The way RL things are going right now...I just can't think. I just got verbally bitchslaped by my sister who, at first, was (I assumed...yeah, yeah, never...i know, i know) open and willing to help me save money by allowing me to collect government money while appearing to stay at her place when I'm actually occupying my mom's while she's away in the Philippines (why now, I have no idea...if you guys are up about what's going on there)...she'll be back (I PRAY) in February, till then I'll be living rent free there...anyways...so my sister decides to give me a useless stern repremand about not stepping on toes (translation: not to fight with mom) although, I wasn't doing it delibrately...I'm just one that, if you push me, I'll push back...no matter who you are...I'll just put it that way. Long story short, I'm being treated like the family black sheep (I'm sure you know what that's like Ky), and well, out of desparation, I took my mom's and sister's advice. And now I feel like I'd rather be dead cuz I figuratively sold my soul to a family devil for the exchange to save money. Plus the headaches (probably cuz of what's been going on) have been going from mild to blinding (I've had maybe 2hrs of sleep per night for the passed two months), I won't be seen by a nuerologist specialist to figure out what's going on till January...so I'm gonna be suffering till then.
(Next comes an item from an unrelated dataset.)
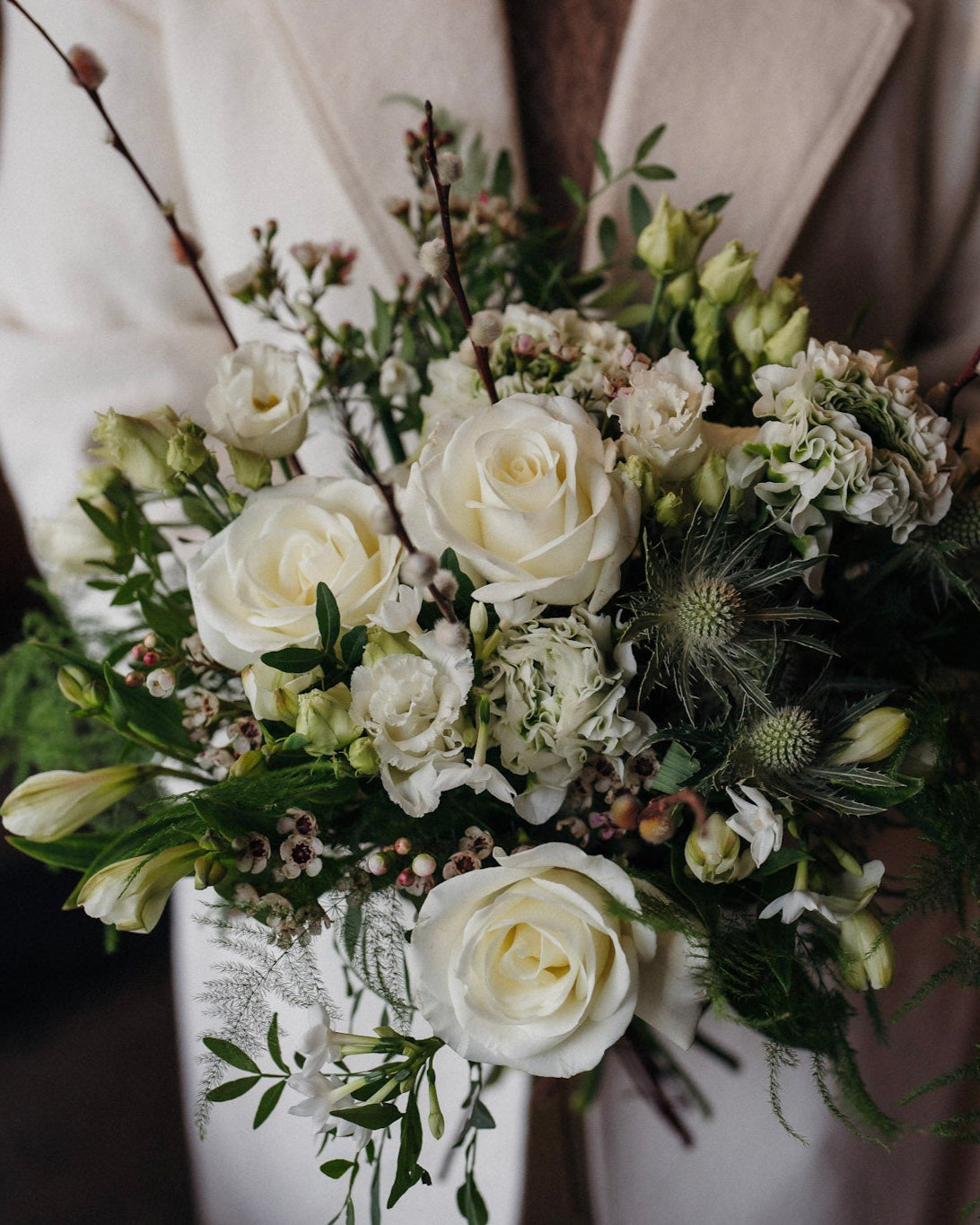 The December white winter flower bouquet with White Tibet roses, lisianthus, waxflower and pussy willow.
So this is partially why I won't be around...and I'm just not feeling up to:
1) whine about my problems here (as my sister puts it, I have an "ego"...so maybe it's my "ego" talking)
2) I'm not feeling all that happy and jolly
3) chances are I probably won't be able to get onto the computer much as I'm looking for a second job.
You all have been great, and I'm going to miss you and the good times.